(Data for review):
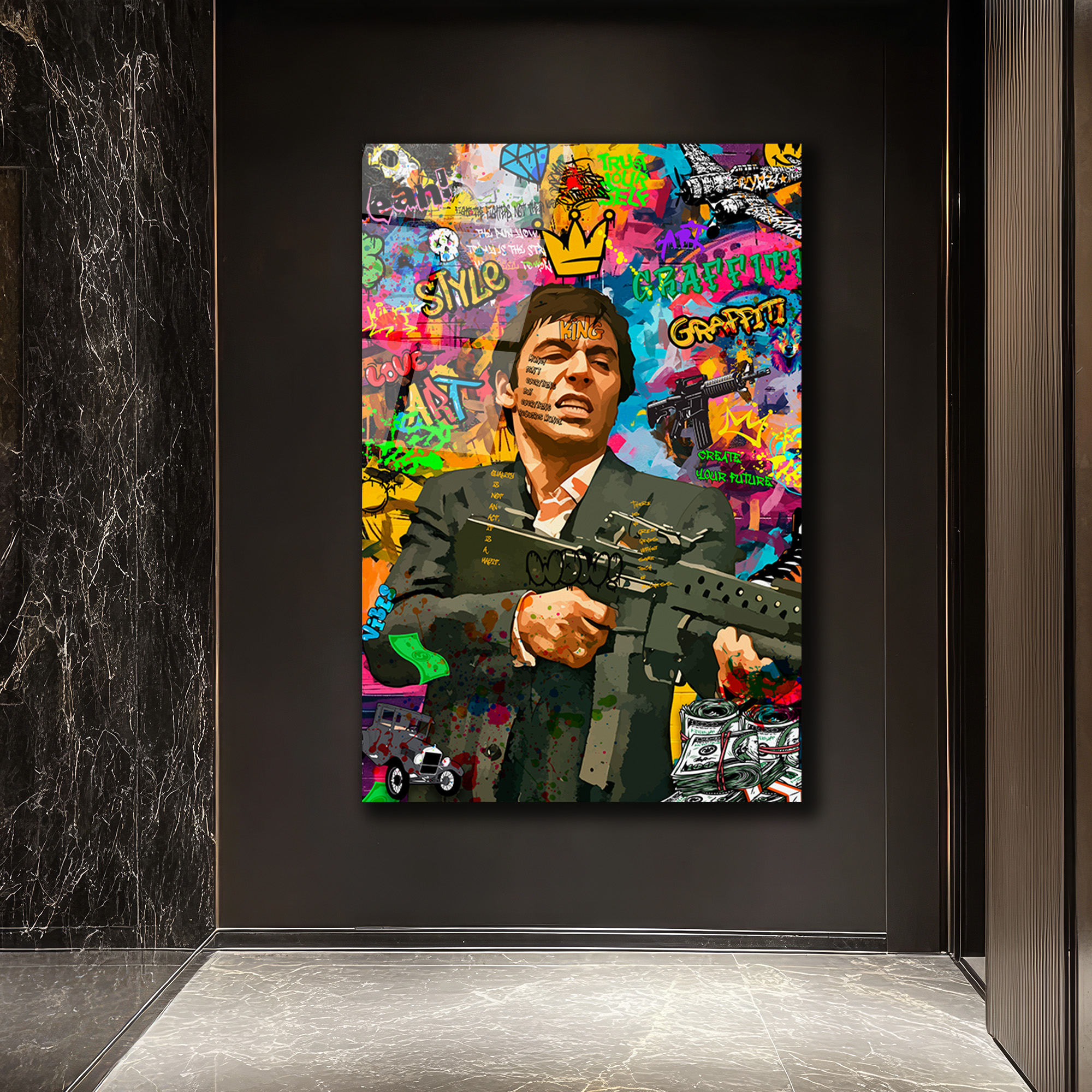 Asi Ruh Tony Montana Graffiti Cam Tablo Duvar Dekoru Asi Ruh Tony Montana Graffiti Cam Tablo
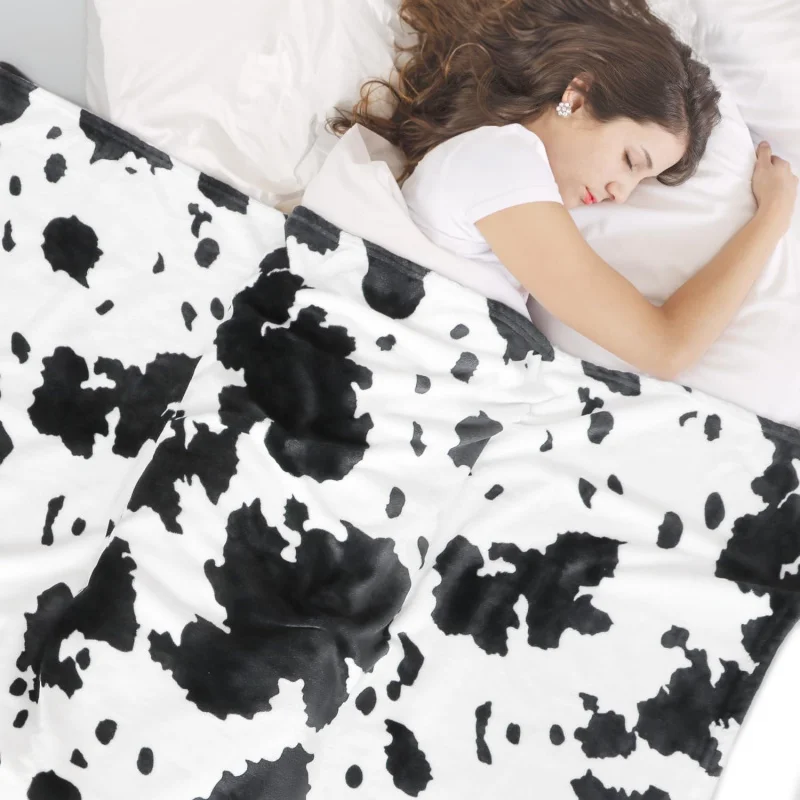 Cow printed casual new fashion blanket warm and cute soft flannel lightweight sofa bedroom decoration gift 50 inches x 60 inches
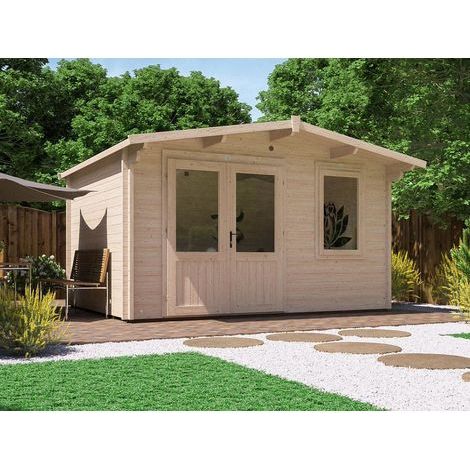 Dunster House Log Cabin Rhine 4m x 3m Garden Summer House Home Office Shed 45mm Walls, Double Glazed and Roof Shingles (1/5)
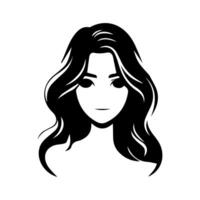 cabelo estilo mulher silhueta ilustração vetor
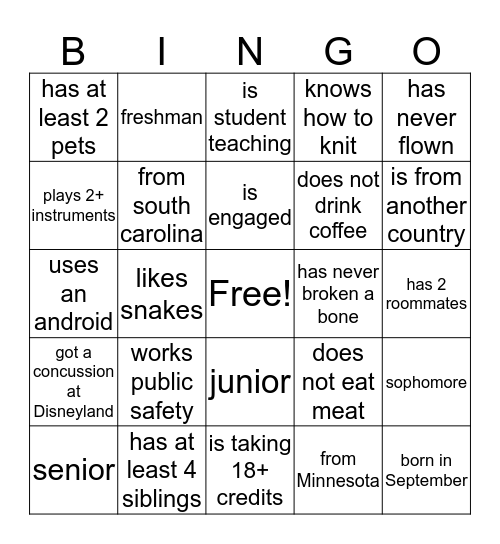 First Floor BINGO Card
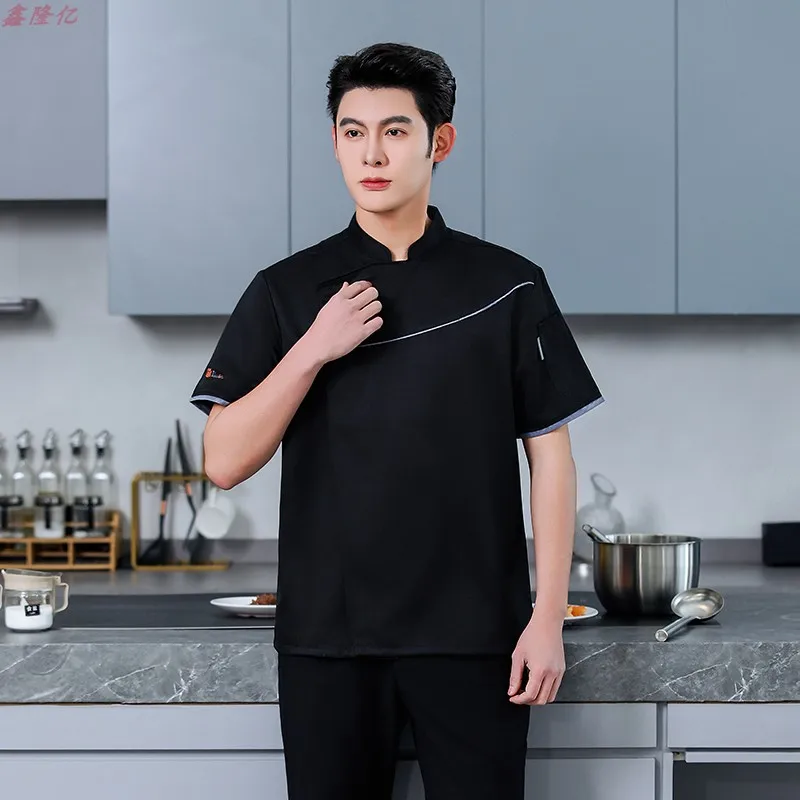 Verão fino respirável malha chef jaqueta hotel restaurante cozinha workwear pastelaria chef steakhouse uniforme de manga curta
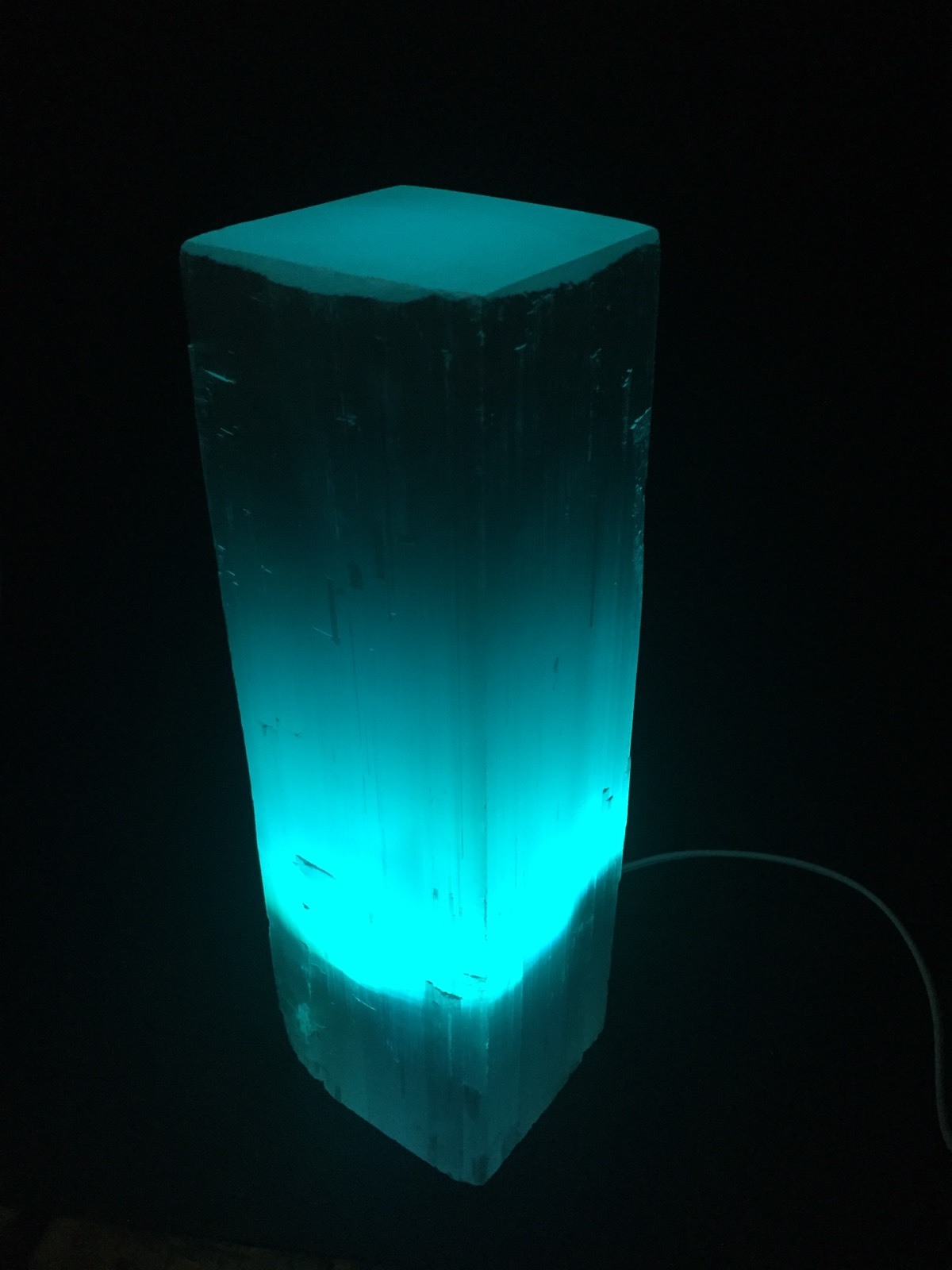 11.5″ Rectangular Selenite Lamp LED Color Selenite Tower Lamp Crystal Log Reiki.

(What you are asked to do): What you return should be all of the material above, exactly, and none of its pictures.

(Reply to the task):
 Asi Ruh Tony Montana Graffiti Cam Tablo Duvar Dekoru Asi Ruh Tony Montana Graffiti Cam Tablo
 Cow printed casual new fashion blanket warm and cute soft flannel lightweight sofa bedroom decoration gift 50 inches x 60 inches
 Dunster House Log Cabin Rhine 4m x 3m Garden Summer House Home Office Shed 45mm Walls, Double Glazed and Roof Shingles (1/5)
 cabelo estilo mulher silhueta ilustração vetor
 First Floor BINGO Card
 Verão fino respirável malha chef jaqueta hotel restaurante cozinha workwear pastelaria chef steakhouse uniforme de manga curta
 11.5″ Rectangular Selenite Lamp LED Color Selenite Tower Lamp Crystal Log Reiki.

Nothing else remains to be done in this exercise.